Provided material ->
Start of Block

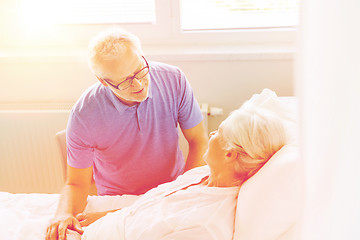 Image showing senior couple meeting at hospital ward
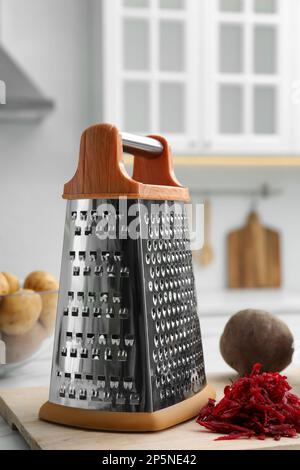 Grater and fresh ripe beetroot on table in kitchen Stock Photo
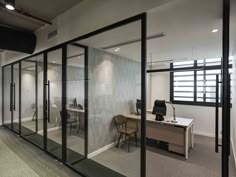 an office with glass walls and desks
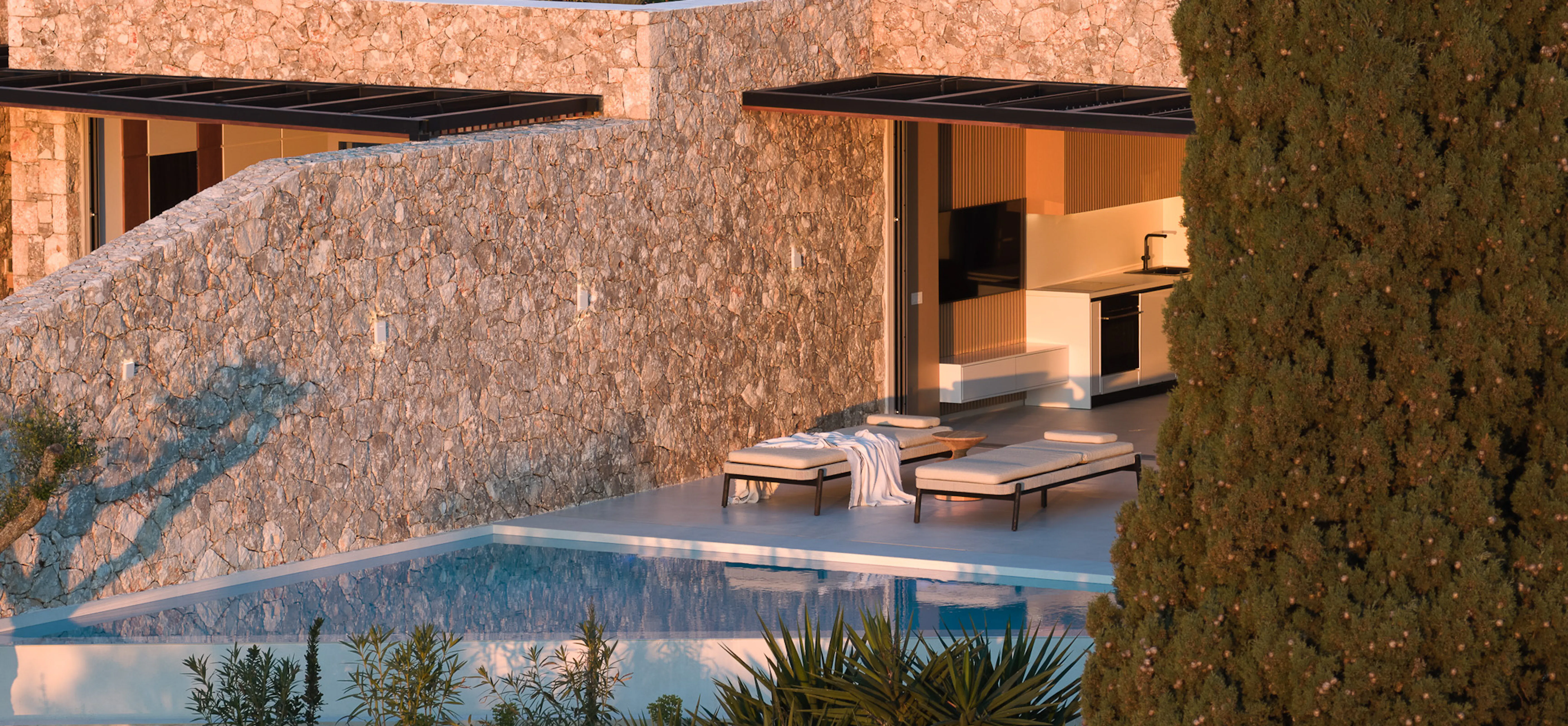 Golden evening light warms the ancient limestone walls of a low-lying villa carved into the hillside. Two slim sunbeds rest poolside beneath a wide overhang, with an outdoor kitchen glowing softly behind. A rooftop garden of succulents and wild Mediterranean plants crowns the structure. A tall cypress stands sentinel at the edge of frame. The atmosphere is primal yet polished — as if the building has always belonged to this rock and soil.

End of Block

Required action -> Word for word, quote the lines above. Omit the pictures.

Result of the task ->
 Image showing senior couple meeting at hospital ward
 Grater and fresh ripe beetroot on table in kitchen Stock Photo
 an office with glass walls and desks
 Golden evening light warms the ancient limestone walls of a low-lying villa carved into the hillside. Two slim sunbeds rest poolside beneath a wide overhang, with an outdoor kitchen glowing softly behind. A rooftop garden of succulents and wild Mediterranean plants crowns the structure. A tall cypress stands sentinel at the edge of frame. The atmosphere is primal yet polished — as if the building has always belonged to this rock and soil.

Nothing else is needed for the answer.